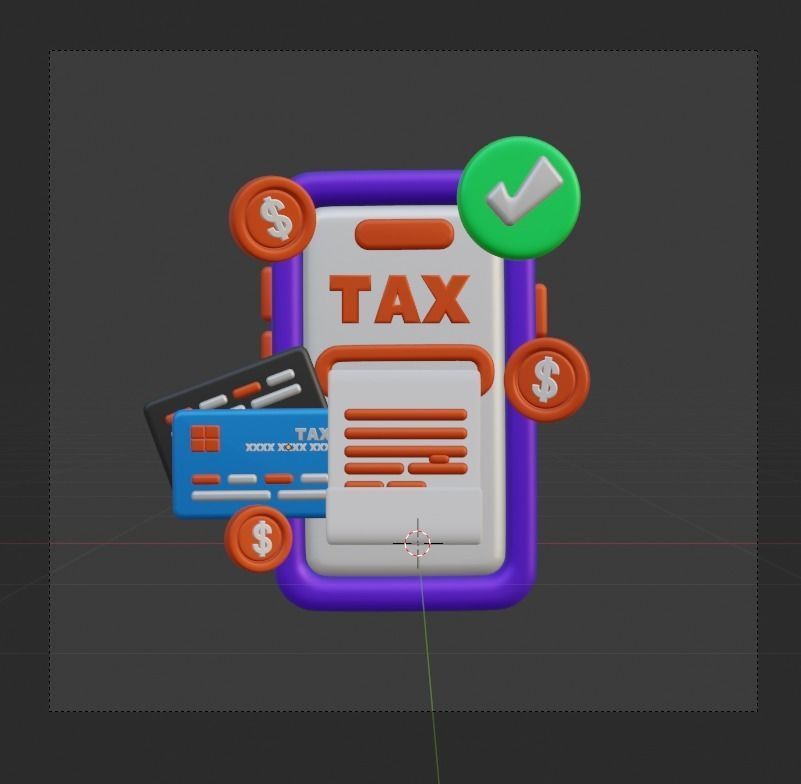 TAX 3d Illustration  Icon Pack 3D model_50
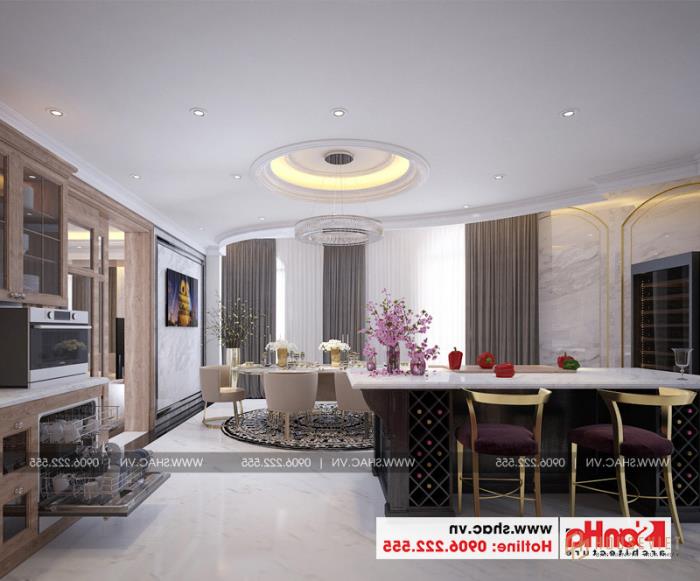 Thiết kế nội thất phòng khách liền bếp tiện nghi với gam màu ấm đẹp 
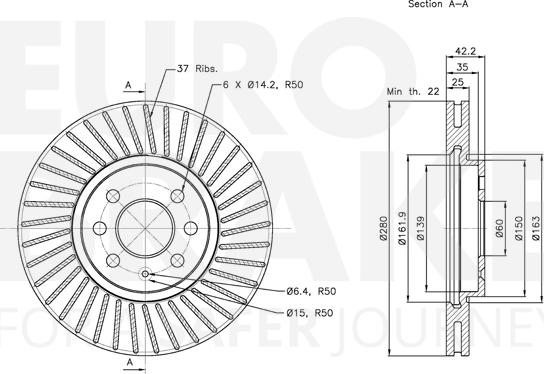 Eurobrake 5815313652 - Гальмівний диск autocars.com.ua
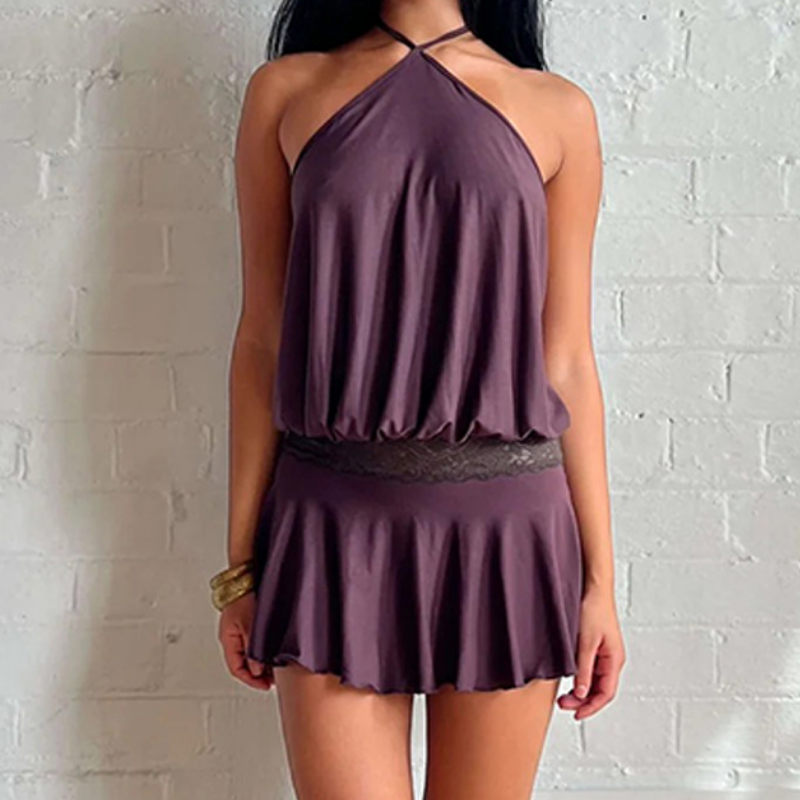 Halter self tie lace patchwork solid mini dress  | Festival Outfits Women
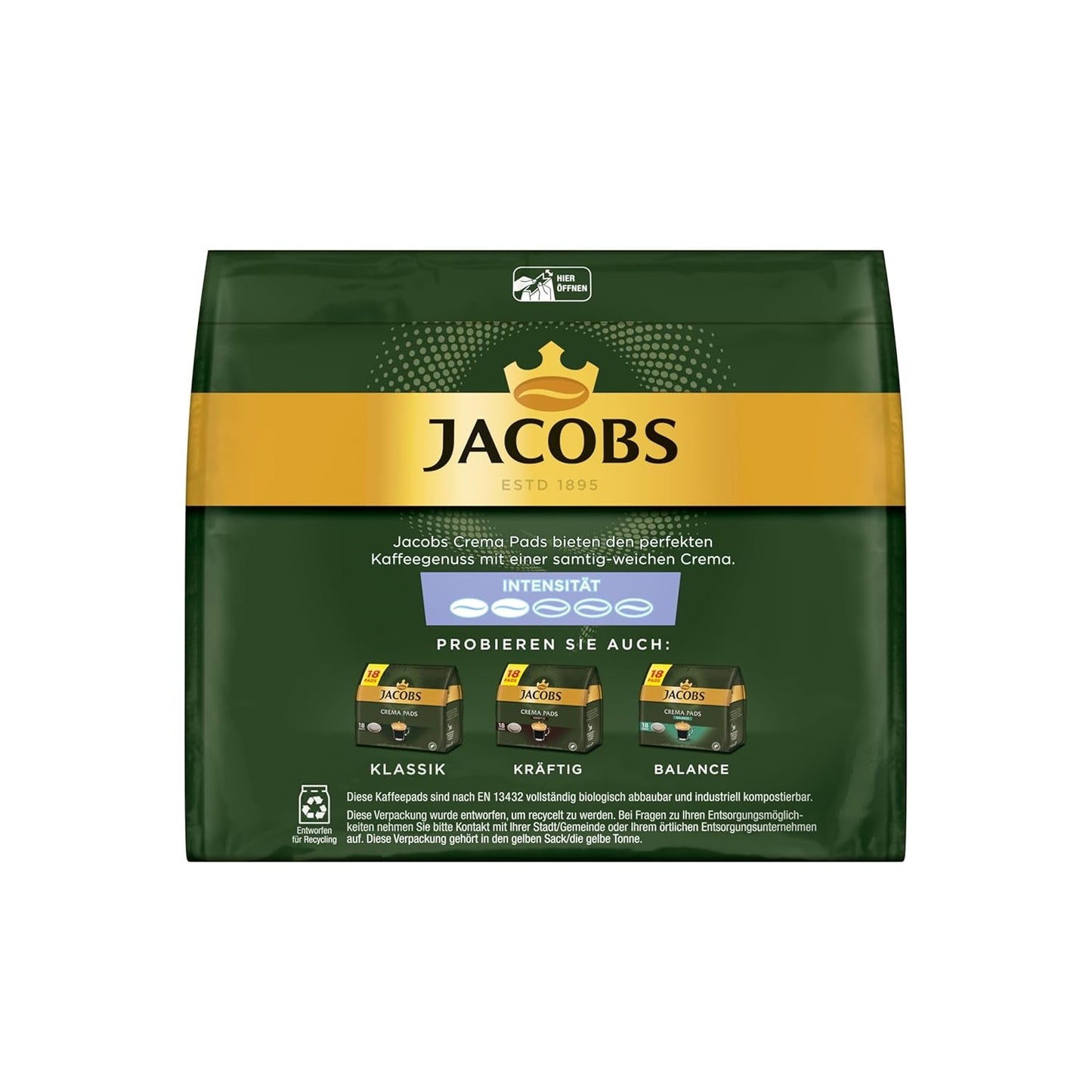 Jacobs Pads Crema Mild, Senseo-kompatibla Pads, 5 x 18 Getränke, 90 Kaffeepads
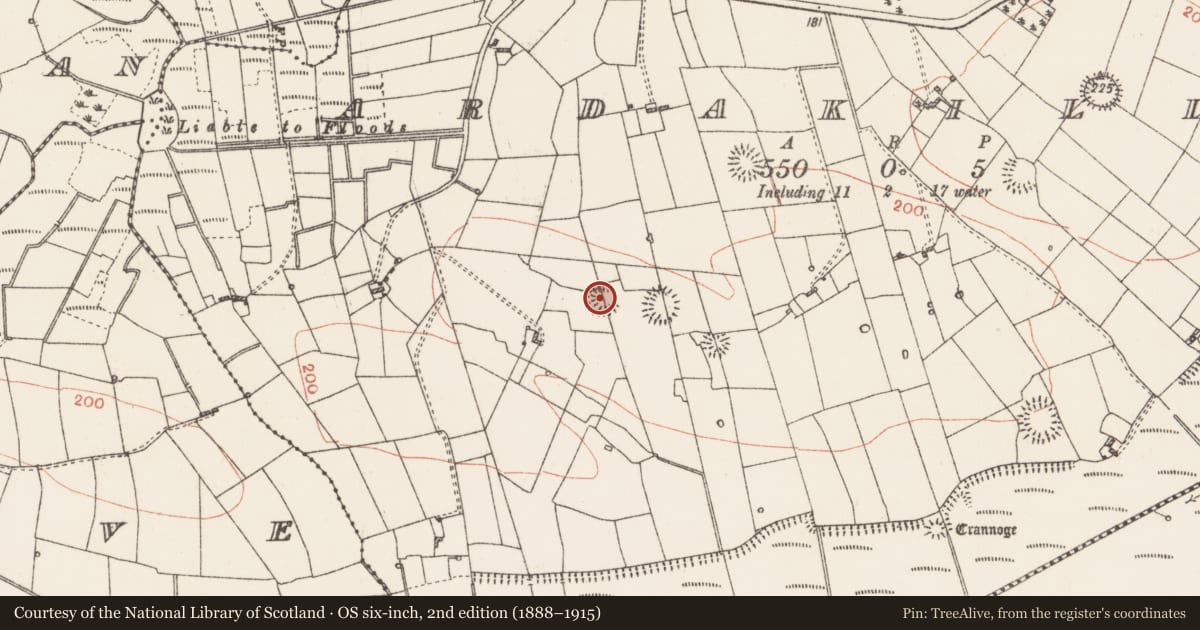 Ordnance Survey six-inch map, 2nd edition (1888–1915) covering the location of Ringfort - rath, Ardakillin, County Roscommon, with a pin at the register's coordinates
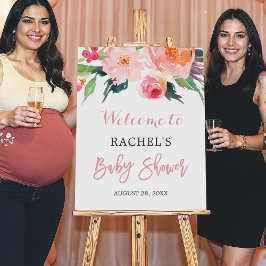 Fantastische Waterverf Floral Baby shower Sign Poster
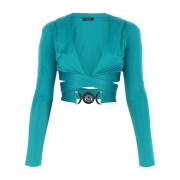 Stijlvolle Teal Groene Viscose Top Versace , Blue , Dames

**YOUR TASK:** The response should repeat every entry above exactly and include none of the pictures.

**SOLUTION TO THIS TASK:**
 TAX 3d Illustration  Icon Pack 3D model_50
 Thiết kế nội thất phòng khách liền bếp tiện nghi với gam màu ấm đẹp 
 Eurobrake 5815313652 - Гальмівний диск autocars.com.ua
 Halter self tie lace patchwork solid mini dress  | Festival Outfits Women
 Jacobs Pads Crema Mild, Senseo-kompatibla Pads, 5 x 18 Getränke, 90 Kaffeepads
 Ordnance Survey six-inch map, 2nd edition (1888–1915) covering the location of Ringfort - rath, Ardakillin, County Roscommon, with a pin at the register's coordinates
 Fantastische Waterverf Floral Baby shower Sign Poster
 Stijlvolle Teal Groene Viscose Top Versace , Blue , Dames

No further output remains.